Bruno Colmant

Bruno Colmant

Professeur d'économie à l'université. Membre de l'Académie royale de Belgique. Stratège. Écrivain. Conférencier.

Quel est le calibre de la dernière cartouche de la BCE ?

26 janvier 2015

Au risque d’entretenir un propos qui s’assimile à de l’obstination, chaque jour me conforte dans l’idée que l’euro souffre de vices de conception irrémédiables. Le défaut originel de l’euro est d’avoir découlé d’une décision politique plutôt que d’une adhésion monétaire naturelle auxquelles des économies convergentes souhaitaient s’associer. Projet utopiste, l’euro fut le prix payé par l’Allemagne pour sa réunification.

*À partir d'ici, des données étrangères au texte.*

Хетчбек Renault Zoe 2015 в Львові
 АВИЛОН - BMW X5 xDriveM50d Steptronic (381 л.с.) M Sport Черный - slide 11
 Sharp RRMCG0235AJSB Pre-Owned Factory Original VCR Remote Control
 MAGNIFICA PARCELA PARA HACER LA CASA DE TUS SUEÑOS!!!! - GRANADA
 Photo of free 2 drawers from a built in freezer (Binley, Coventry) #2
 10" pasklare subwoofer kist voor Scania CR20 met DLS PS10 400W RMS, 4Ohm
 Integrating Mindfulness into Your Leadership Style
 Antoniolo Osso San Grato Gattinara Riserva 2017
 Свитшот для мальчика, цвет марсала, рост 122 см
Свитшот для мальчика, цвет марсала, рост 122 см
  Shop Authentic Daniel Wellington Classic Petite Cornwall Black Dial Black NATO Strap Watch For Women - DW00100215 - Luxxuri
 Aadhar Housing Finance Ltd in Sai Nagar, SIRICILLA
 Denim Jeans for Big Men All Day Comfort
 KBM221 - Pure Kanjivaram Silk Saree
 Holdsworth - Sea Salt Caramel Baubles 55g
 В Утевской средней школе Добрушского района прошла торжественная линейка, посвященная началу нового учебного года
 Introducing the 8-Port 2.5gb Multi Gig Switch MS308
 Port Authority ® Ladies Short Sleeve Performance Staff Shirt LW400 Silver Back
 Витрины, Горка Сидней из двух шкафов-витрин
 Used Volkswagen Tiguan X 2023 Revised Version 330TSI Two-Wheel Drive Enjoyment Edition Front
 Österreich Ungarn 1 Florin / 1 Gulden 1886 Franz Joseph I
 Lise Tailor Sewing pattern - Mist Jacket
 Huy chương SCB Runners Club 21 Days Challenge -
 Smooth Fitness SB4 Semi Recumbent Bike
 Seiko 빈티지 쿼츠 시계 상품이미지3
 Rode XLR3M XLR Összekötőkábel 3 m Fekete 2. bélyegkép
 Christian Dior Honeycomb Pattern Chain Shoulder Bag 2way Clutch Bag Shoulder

Sa souveraineté monétaire fut donc troquée contre sa souveraineté territoriale sous l’impulsion des anciennes puissances alliées qui craignaient une gravitation économique allemande trop puissante.

Cette décision politique fut cristallisée dans le Traité de Maastricht qui s’essaya à des normes d’économies convergentes sans mettre en place d’union politique, fiscale et budgétaire et encore moins une politique industrielle, qui a incidemment échoué dans tous les domaines, des télécommunications à l’énergie.

Le choc de 2008 révéla l’ampleur du désastre des erreurs de fabrications de l’euro qui devint rapidement une monnaie unique plutôt que commune. Les tensions nationales prirent immédiatement le pas sur une réponse harmonisée à la crise souveraine tandis que la BCE s’enferra dans une succession d’erreurs impardonnables. Il y eu la période de la présidence de Jean-Claude Trichet qui était frappé par la hantise d’une inflation ectoplasmique tandis que Mario Draghi perdit deux ans avant de réaliser la pente de la déflation dans laquelle toute l’économie européenne glissait.

Aujourd’hui, la BCE a décidé de refinancer l’économie européenne par un assouplissement quantitatif. C’est une démarche intelligente, « hygiéniquement » indispensable, mais tardive. Son échec sera peut-être la conséquence du délai avec lequel elle a été mise en œuvre. L’économie européenne est affectée de taux d’intérêt proches de zéro sur des durées très longues : la BCE achètera donc des actifs au plus haut prix à des vendeurs qui n’auront pas d’affectation immédiate pour les sommes reçues de la BCE. Il en résultera une baisse de taux d’intérêt prolongée avant d’espérer l’inflation que, dès le début de la crise, la BCE aurait dû accueillir comme une solution organique à l’excès d’endettement public. Ce dernier est incidemment un problème consubstantiel à la gestion monétaire : les dettes publiques et la monnaie sont deux expressions régaliennes.

Mais projetons nous dans deux ans et imaginons l’hypothèse pessimiste que l’économie soit restée dans une stagnation et un contexte déflationniste, malgré l’action de la BCE. Que va-t-il se passer ? La réponse est diffuse mais il est probable que la BCE continue son programme de rachat d’actif dont elle a d’ailleurs dit qu’il resterait en activité jusqu’à ce que l’inflation revienne à un niveau proche de 2 %. A ce moment, l’Allemagne s’y opposera définitivement et envisagera probablement son extraction de la zone euro.

Concomitamment, l’explosion des dettes publiques, plombées par le coût asymptotique des pensions, conduira des Etats à d’inéluctables rééchelonnements de dettes. Dans l’hypothèse d’une rupture de l’euro, il en résulterait une poussée inflationniste pour les pays qui seraient dissociés de l’Allemagne. Cette inflation pourrait faciliter la stabilisation des dettes publiques. Dans tous les cas de figure, l’euro n’y survivait pas sous sa forme actuelle.

Sans s’engager dans une futurologie hasardeuse mais en s’essayant à un sommaire exercice d’intuition, on comprend d’ailleurs aisément que l’euro est intrinsèquement inadapté à des économies asynchrones et indépendantes les unes des autres. Et il faut admettre qu’un départ allemand, auquel les pays du BENELUX s’associeraient certainement, est un scénario plausible en cas d’échec de la politique monétaire de la BCE.

Il reste donc à espérer que la dernière cartouche de la BCE soit d’un calibre suffisant pour réanimer une économie que sa propre politique monétaire et une rigueur budgétaire aveugle ont contribué à accabler. Les américains appellent cela une ‘silver bullet’, c’est-à-dire une solution parfaite qui atteint la cible du problème. Et surtout, il faut en être convaincu : il n’y aura plus d’euro sans plus d’Europe.